OVER Keyword: It must accompany every window function and defines the window or set of rows to which the function applies.
PARTITION BY: This clause divides the result set into partitions, to which the ROW_NUMBER() function is applied independently.
ORDER BY: Specifies the order of rows within each partition.

These elements come together in SQL syntax like this:

ROW_NUMBER() OVER (PARTITION BY column_list ORDER BY column_list)

In simpler terms, window functions allow you to match each row with a set of rows and compute values based on them. ROW_NUMBER() specifically provides a way to number these rows sequentially.
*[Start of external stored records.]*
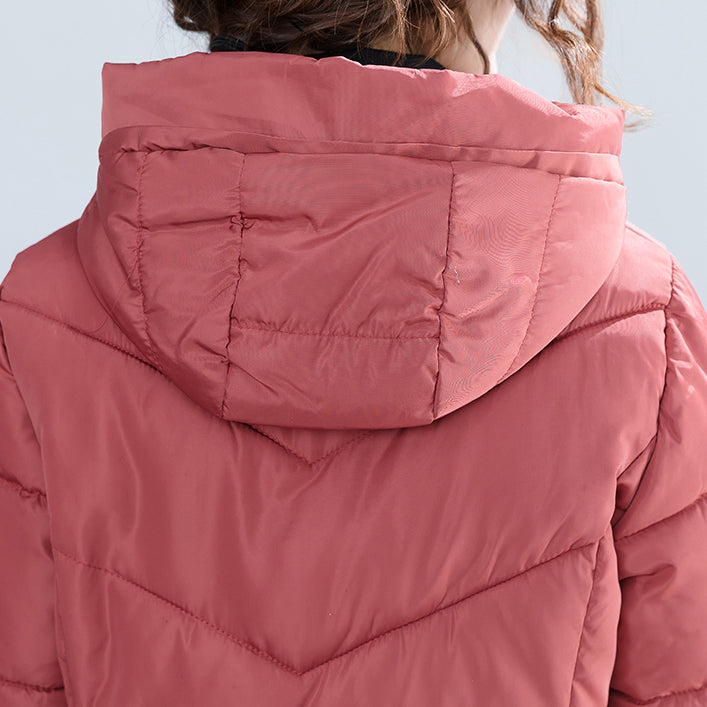 Drune | neuer schwarzer trendiger Plus-Size Kapuzen-Steppmantel Drune | Taschen mit Reißverschluss Baumwollmäntel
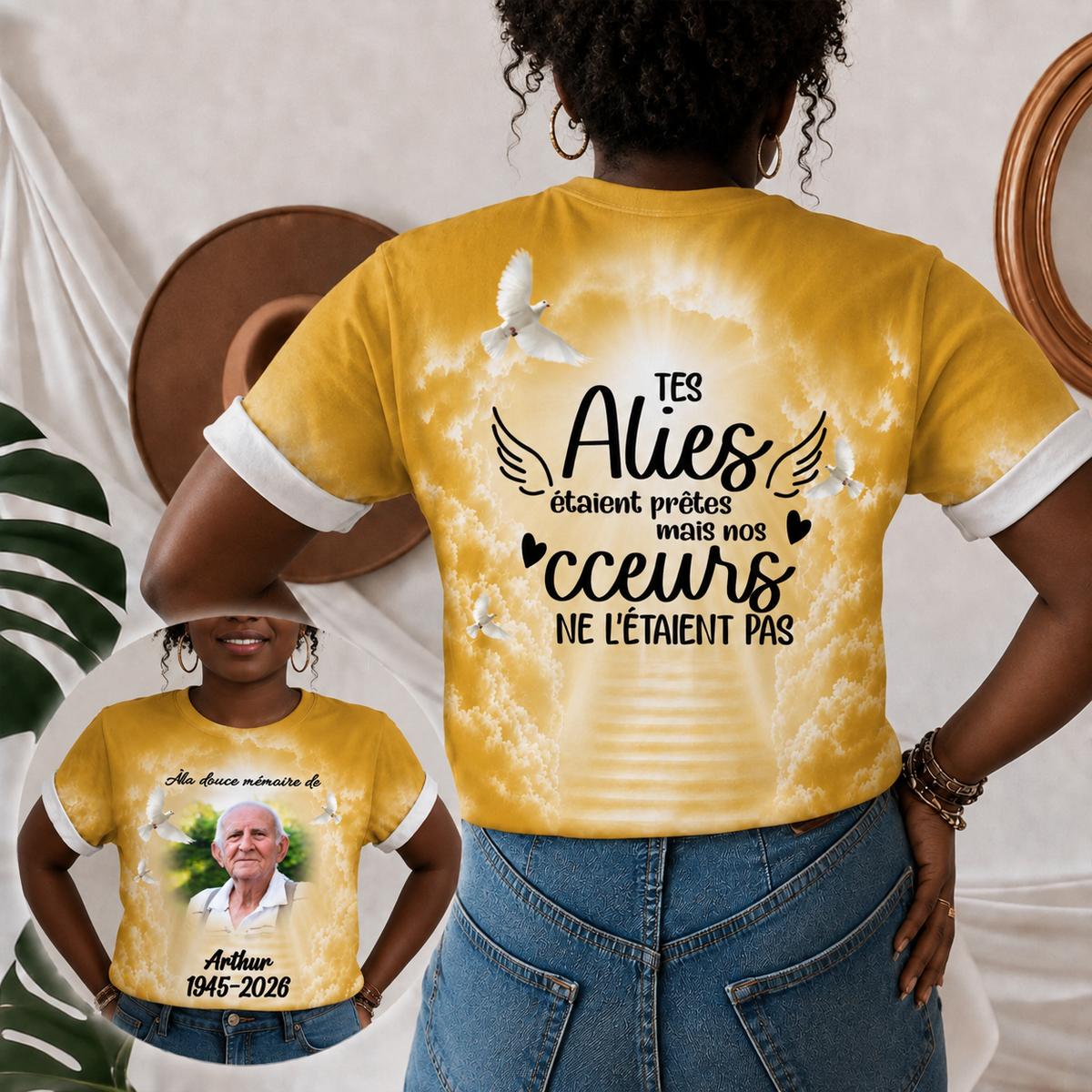 Woman wearing a personalized memorial T-shirt featuring a photo of a loved one and heaven-inspired design.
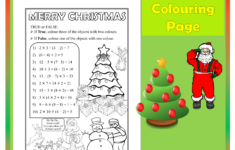 Christmas Colouring Page Freebie | Order Of Operations | Bodmas | Order Of Operations Christmas Worksheets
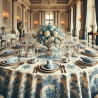 Tissu Toile de Jouy 280 cm de large – Fond écru avec impression bleue, pour ameublement et décoration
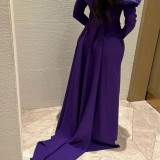 Women Autumn and Winter Sexy Lace Ball Evening Dress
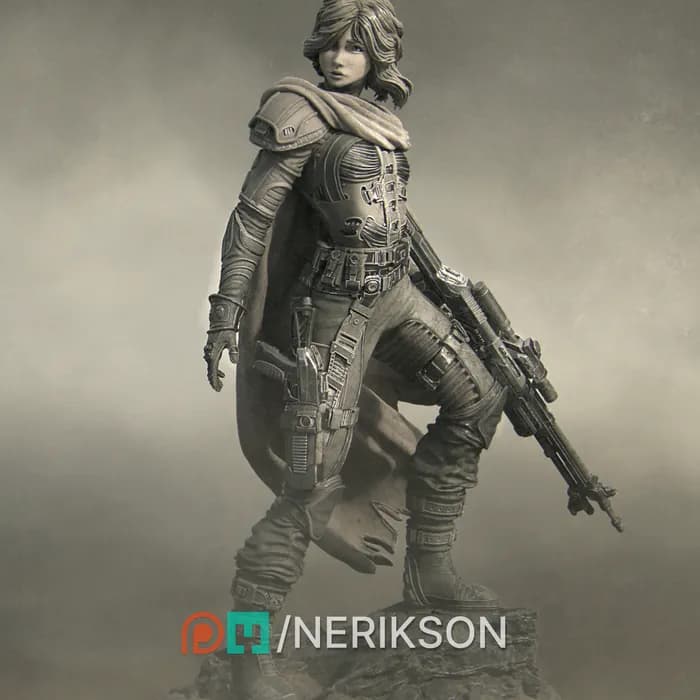 STL - Viajera del desierto futurista con rifle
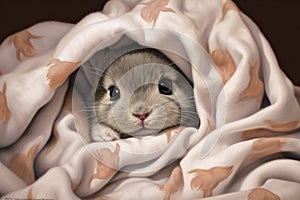 Cute baby rabbit peeking out from under the blanket,  Animal theme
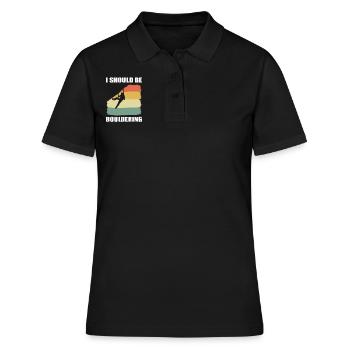 Felskletterer Bouldern Alpinist - Frauen Polo Shirt - Schwarz - Vorne - Ailine (174cm)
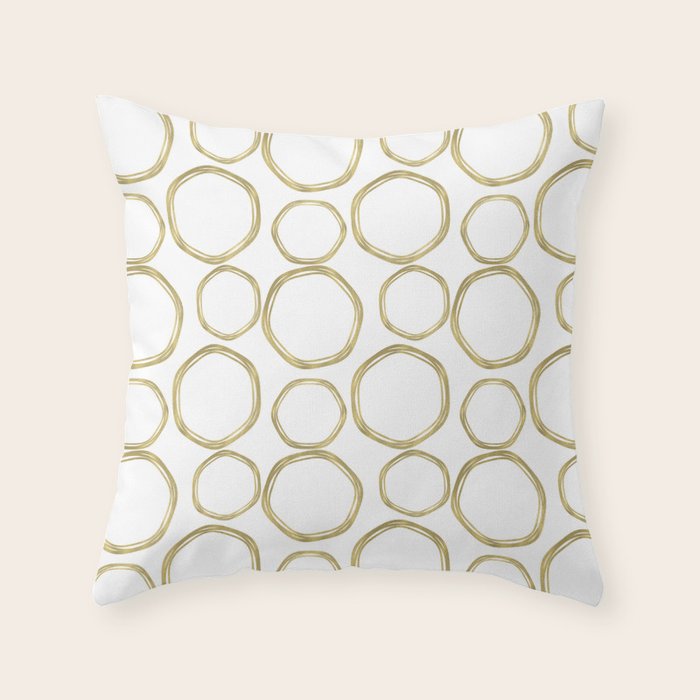 White & Gold Circles Throw Pillow Gallery Image 6
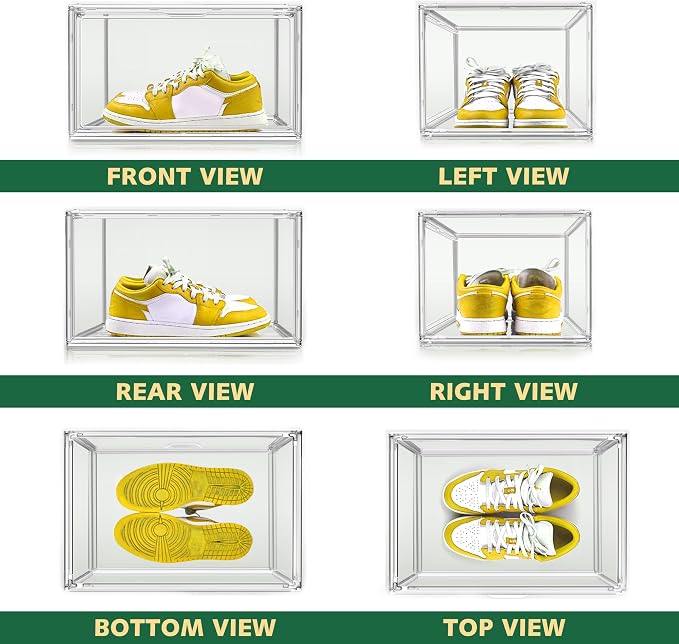 10 Pack Acrylic X-Large Sneaker Shoe Storage Display Case Shoe Boxes Clear Plastic Stackable Bins Boot Handbag Organizer Shoe Cabinet with Magnetic Lids,Size 14
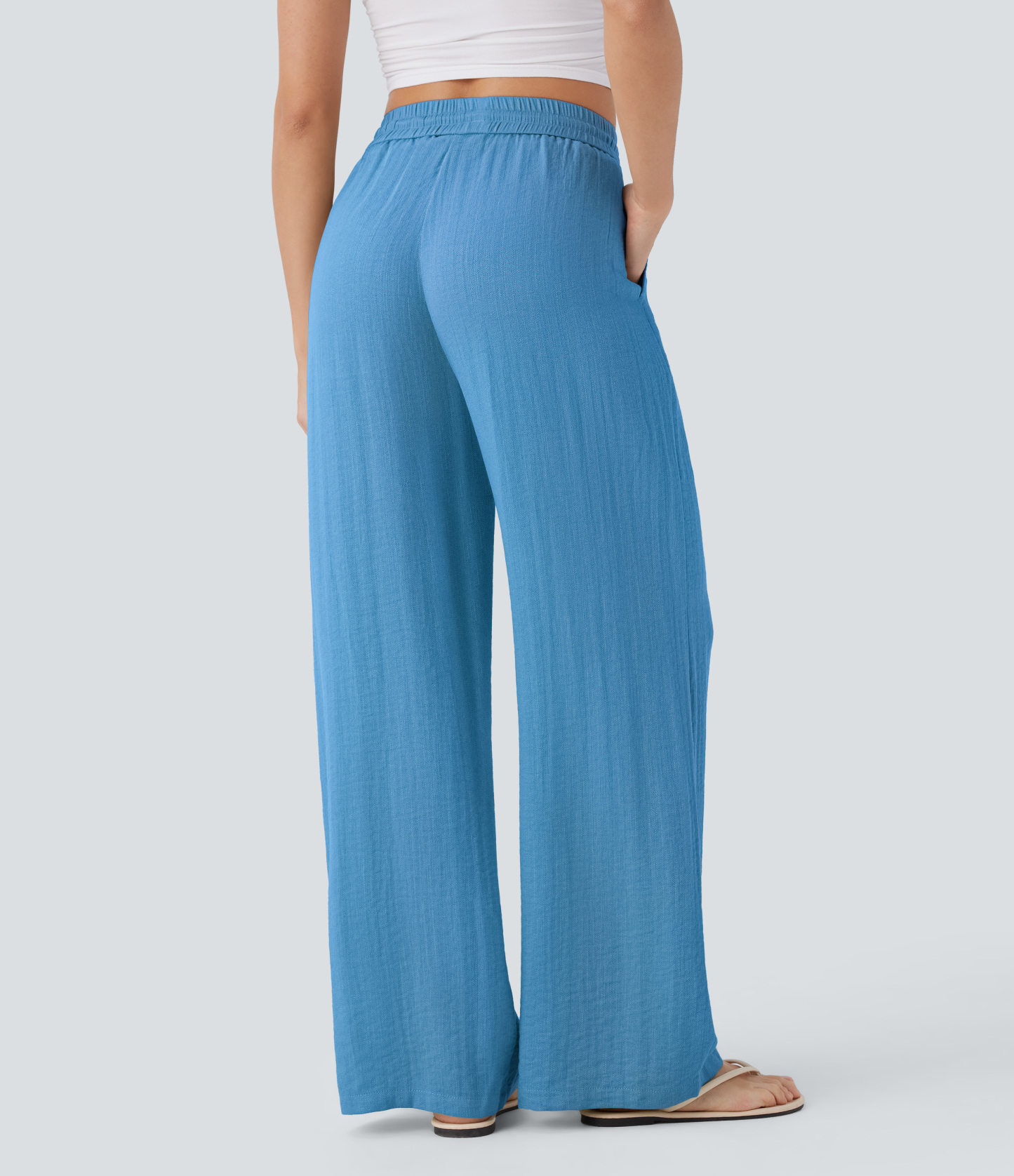 High Waisted Drawstring Pocket Wide Leg Casual Linen-Feel Pants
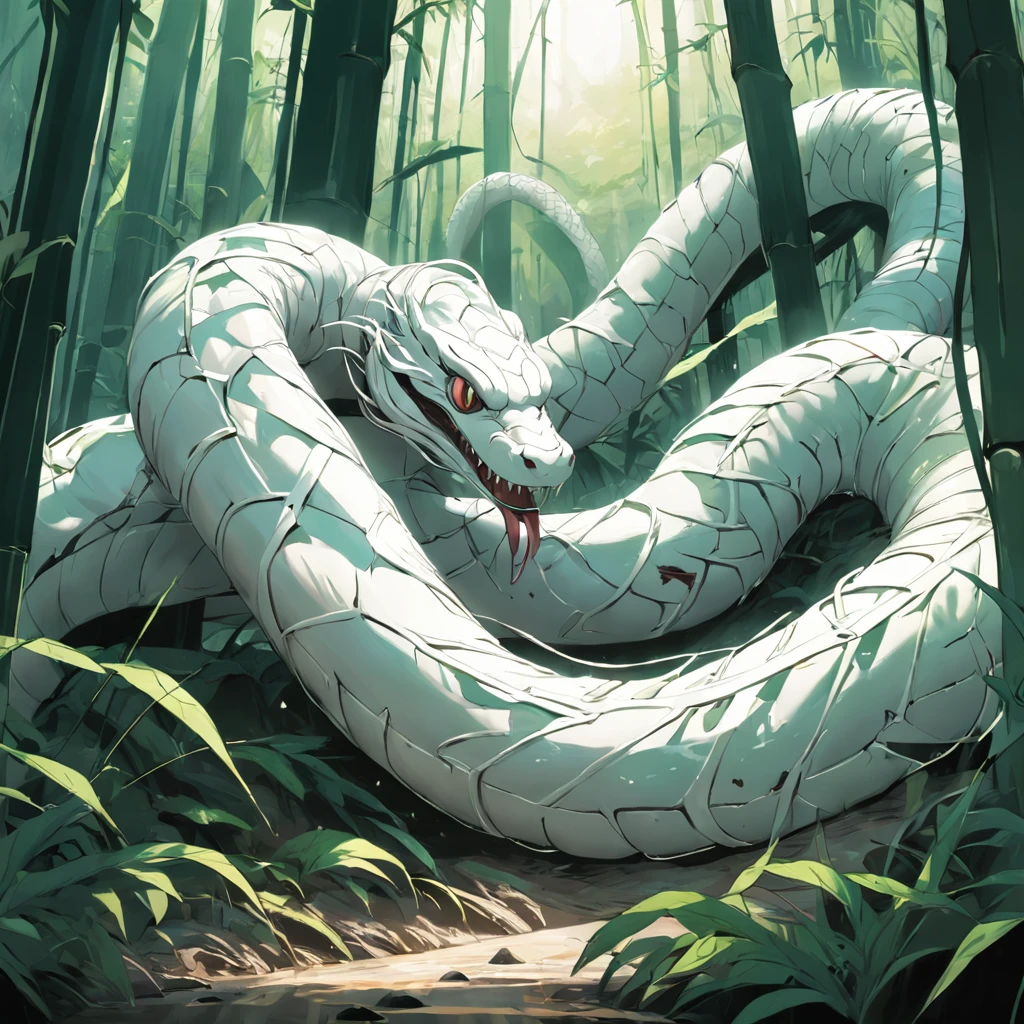 Entangled in a huge white snake，in bamboo forest，Folk suspense comic book style，SENSE OF CINEMA，photorealestic，。.3D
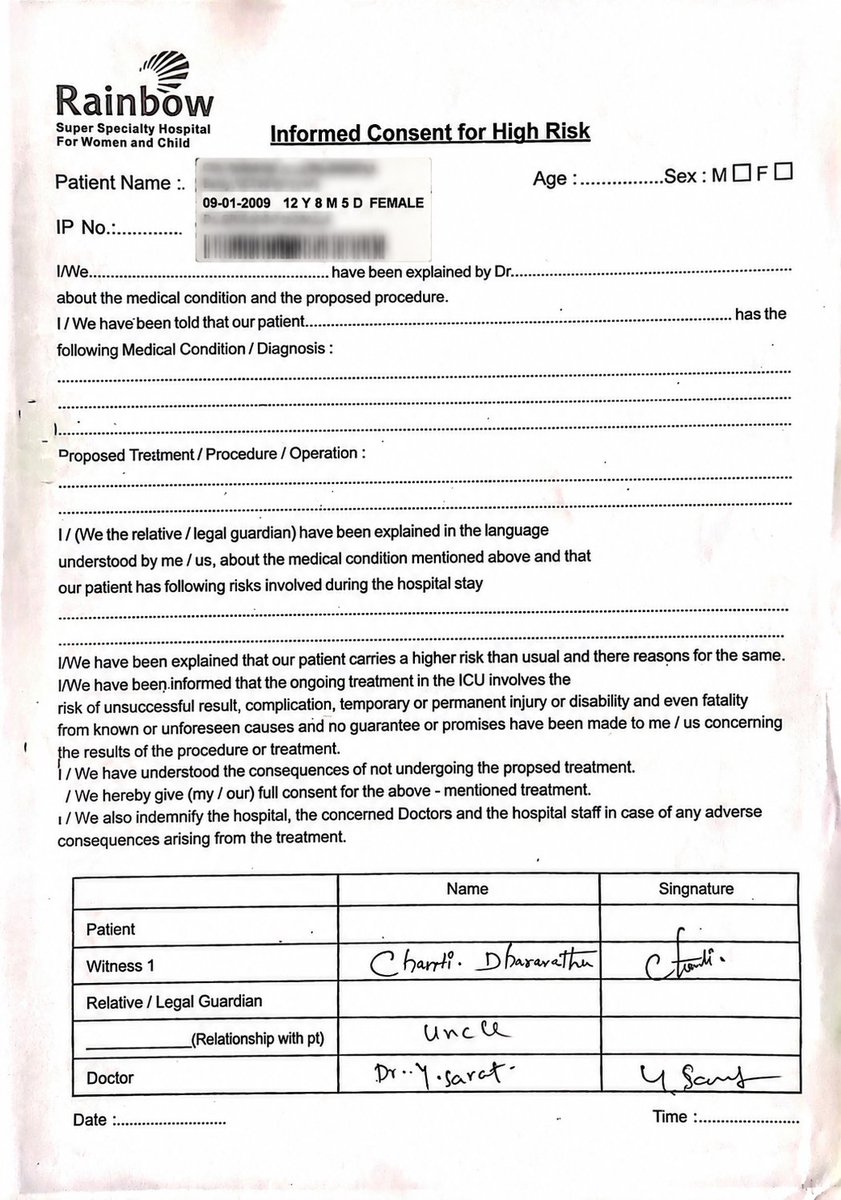 rajeshdharava13's tweet photo. 🚨 AN APPEAL FROM A GRIEVING FATHER FOR COMPLETE MEDICAL RECORDS FROM RAINBOW CHILDREN'S HOSPITAL, VIJAYAWADA (CURRENCY NAGAR BRANCH) 🚨
IMPORTANT NOTE: Posting this not to scare or blackmail anyone. As a grieving father, after numerous failed formal attempts to get my daughter's treatment records, I am forced to post this here as a last resort for higher authorities' attention.
My minor daughter, Baby D. Naga Vaishnavi (Patient ID: IP6-00035075), tragically passed away while undergoing treatment at Rainbow Children's Hospital, Vijayawada in Sept 2021. Even in that midnight hour of absolute trauma and devastating grief of losing my child, I acted with utmost responsibility, strictly followed your hospital protocols, and cleared lakhs of rupees in bills before taking her body. When I respected and abided by your hospital protocols during my darkest hour, why is the hospital management now refusing to follow official medical and government protocols to hand over my daughter's complete case sheets?
THE REASON WHY I NEED THESE RECORDS NOW:
I urgently need these files now because I am actively pursuing a legal court case and fighting for justice against the local hospital where my daughter was initially admitted before being shifted to Rainbow. These medical records are crucial supportive evidence for my ongoing court case. It is highly unfortunate that while I am fighting for legal justice, your Vijayawada branch is causing severe delays and withholding my legal evidence.
Since 10th March 2026, despite sending 6 to 7 official request letters via Registered Post and approaching the DMHO and the District Collector's Grievance cell, the branch continues to delay. Following explicit directives from authorities, the hospital finally handed over a case sheet file. However, that file is incomplete; critical medical records from the final 2 to 3 days before her tragic demise have been withheld and are missing. As a father, it is my absolute right to know exactly what specific treatments were administered during those crucial final days.
COMPLIANCE ISSUES NOTICED IN THE PROVIDED FILES (See Attached Photos):
The files handed over clearly reveal serious protocol violations regarding consents signed by my younger brother, Mr. Chanti Dharavathu (Patient's Attendant):

   1. Blank Consent Forms: My brother's signatures were taken on multiple 'Special Procedures' and 'Sedation' forms, but critical fields like the procedure name and associated risks were left ENTIRELY BLANK. Under Supreme Court guidelines, such blank consents hold no legal validity.
   2. Mixing of Records: A "High-Risk Informed Consent" form belonging to a completely different patient was mixed into my daughter's file and my brother was made to sign it as a witness.

Regarding these missing files, I personally met Unit Director Mr. Surya on 26th May 2026. He assured me that if records were unavailable, they would provide a clear explanation on the Hospital’s Letterhead. However, since that day, he has gone back on his word, blocked my number, and is completely ignoring my WhatsApp messages.
According to NMC regulations, a complete medical record is a fundamental patient right. I request Corporate Management and Chairman Dr. Ramesh Kancharla to kindly intervene, provide the missing records, and arrange a callback from a responsible Telugu-speaking executive.

* Complainant (Father): Rajesh Dharavathu (9948121008)
* Patient Attendant (Brother): Chanti Dharavathu

Humbly appeal to the Chief Minister of AP, Health Ministry, and listed authorities to help me get justice.
@RCH_India @DrRameshKanchar @AndhraPradeshCM @NMC_IND @MoHFW_INDIA @SatyaKumarY @NaraLokesh @PawanKalyan @NCPCR_ @tv9telugu @abntelugutv @ntvnewslive @etvteluguindia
This is extremely useful for tasks like ranking or pagination, where understanding the specific order or position of a row in a dataset is necessary.

Setting Up the `employees` Table

Before diving into the examples, let's create an employees table populated with sample data to demonstrate the capabilities of ROW_NUMBER(). This will help visualize each function's application.

CREATE TABLE employees (
  id INT AUTO_INCREMENT PRIMARY KEY,
  name VARCHAR(100),
  department VARCHAR(50),
  salary DECIMAL(10, 2),
  country VARCHAR(50),
  gender VARCHAR(10)
);

INSERT INTO employees (name, department, salary, country, gender) VALUES
('Alice', 'Engineering', 85000, 'USA', 'Female'),
('Bob', 'Engineering', 95000, 'UK', 'Male'),
('Charlie', 'Marketing', 67000, 'USA', 'Male'),
('David', 'Marketing', 65000, 'UK', 'Male'),
('Eve', 'Sales', 62000, 'USA', 'Female'),
('Frank', 'Sales', 61000, 'USA', 'Male'),
('Grace', 'Engineering', 78000, 'Canada', 'Female'),
('Hank', 'Engineering', 82000, 'Canada', 'Male'),
('Ivy', 'Engineering', 61000, 'USA', 'Female'),
('Jack', 'Marketing', 68000, 'USA', 'Male'),
('Ken', 'Sales', 72000, 'UK', 'Male'),
('Liam', 'Sales', 71000, 'USA', 'Male'),
('Mona', 'Product', 93000, 'Canada', 'Female'),
('Nina', 'Product', 88000, 'UK', 'Female'),
('Oscar', 'Engineering', 79000, 'USA', 'Male'),
('Paul', 'Marketing', 75000, 'Canada', 'Male'),
('Quinn', 'Sales', 73000, 'Canada', 'Female'),
('Rita', 'Product', 94000, 'USA', 'Female'),
('Sam', 'Product', 92000, 'UK', 'Male'),
('Tom', 'Product', 88000, 'Canada', 'Male');

This table features 20 employees across four departments, with varying salaries, countries, and genders.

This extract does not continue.